1

I have a dataframe like this:

df <- data.frame(a=c(111,111,111,222,222,222,333,333,333),
                 b=c(1,0,1,1,1,1,0,0,1))
df
    a b
1 111 1
2 111 0
3 111 1
4 222 1
5 222 1
6 222 1
7 333 0
8 333 0
9 333 1

I need to get the sum of column 'b' for each 'a':

    A B
1 111 2
2 222 3
3 333 1

How can I do that in the fastest way?

Uwe
  • 41,420
  • 11
  • 90
  • 134
Vitaliy Poletaev
  • 113
  • 1
  • 1
  • 8

4 Answers4

5
 aggregate(df$b, by=list(df$a), FUN=sum)
G5W
  • 36,531
  • 10
  • 47
  • 80
4

Generally speaking, the fastest method with large data will be to use data.table.

install.packages("data.table", type = "source",
repos = "http://Rdatatable.github.io/data.table")
library("data.table")

df <- data.frame(a=c(111,111,111,222,222,222,333,333,333),
             b=c(1,0,1,1,1,1,0,0,1))
df <- as.data.table(df)
df[, sum(b), by = a]
Andrew J. Rech
  • 456
  • 4
  • 11
  • 1
    Your last line of code doesn't yield the output the OP described.
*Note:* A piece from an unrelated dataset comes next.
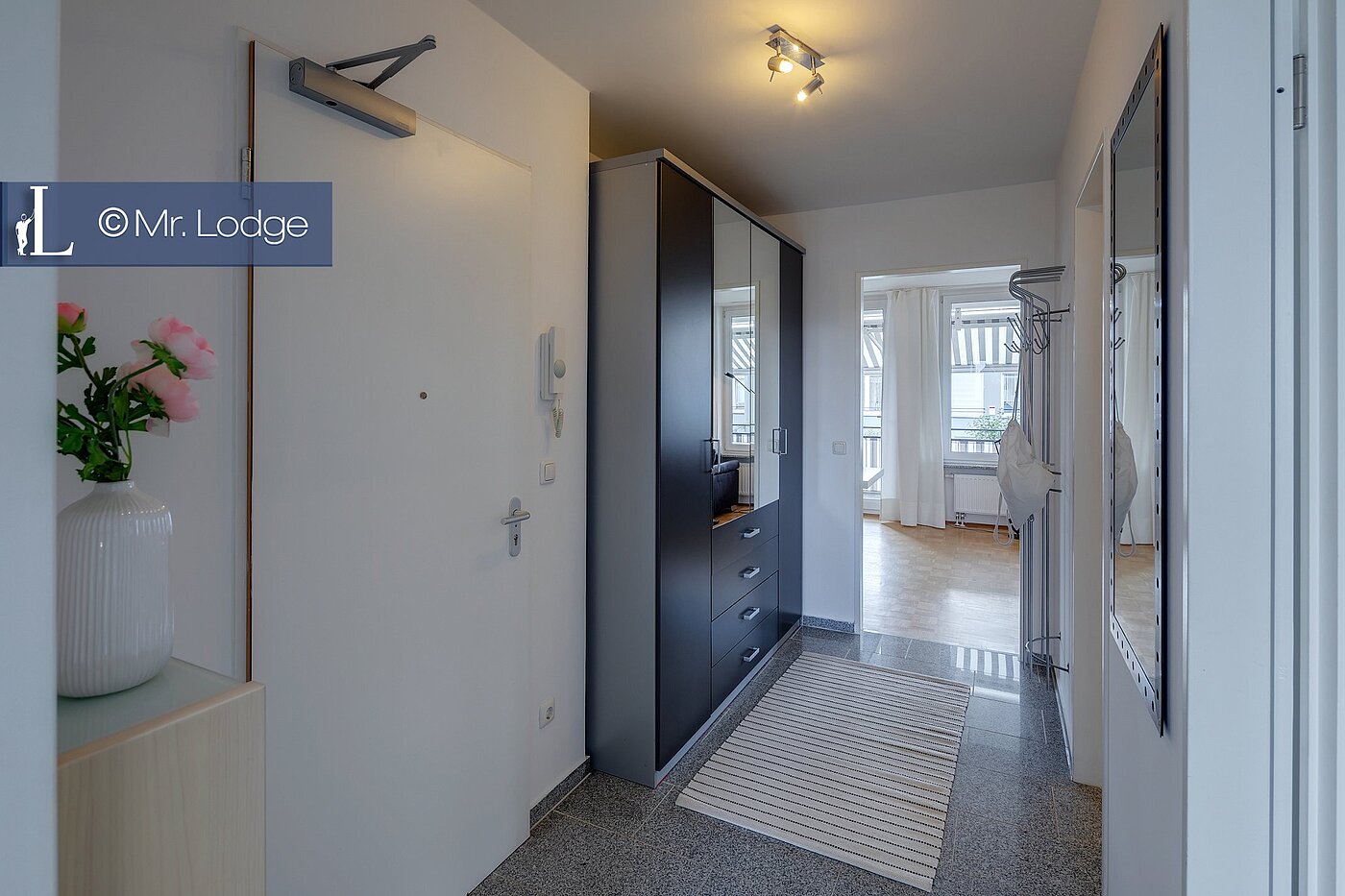 フラット 部屋数 2 部屋 | München-Trudering | 1907ML1 | Geräumiger Flur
This comes pretty close: `df[, sum(b), by=a]` – bdemarest Dec 17 '16 at 00:13
1

You can use dplyr:

df %>% group_by(a) %>% summarise(.,b = sum(b))
PhilC
  • 767
  • 3
  • 8
-1

If we are using package dplyr, do we really need the code like so (as mentioned by the other PhilC):

df %>% group_by(a) %>% summarise(.,b = sum(b))?

Would this not do?

df %>% group_by(a) %>% summarise(b = sum(b))?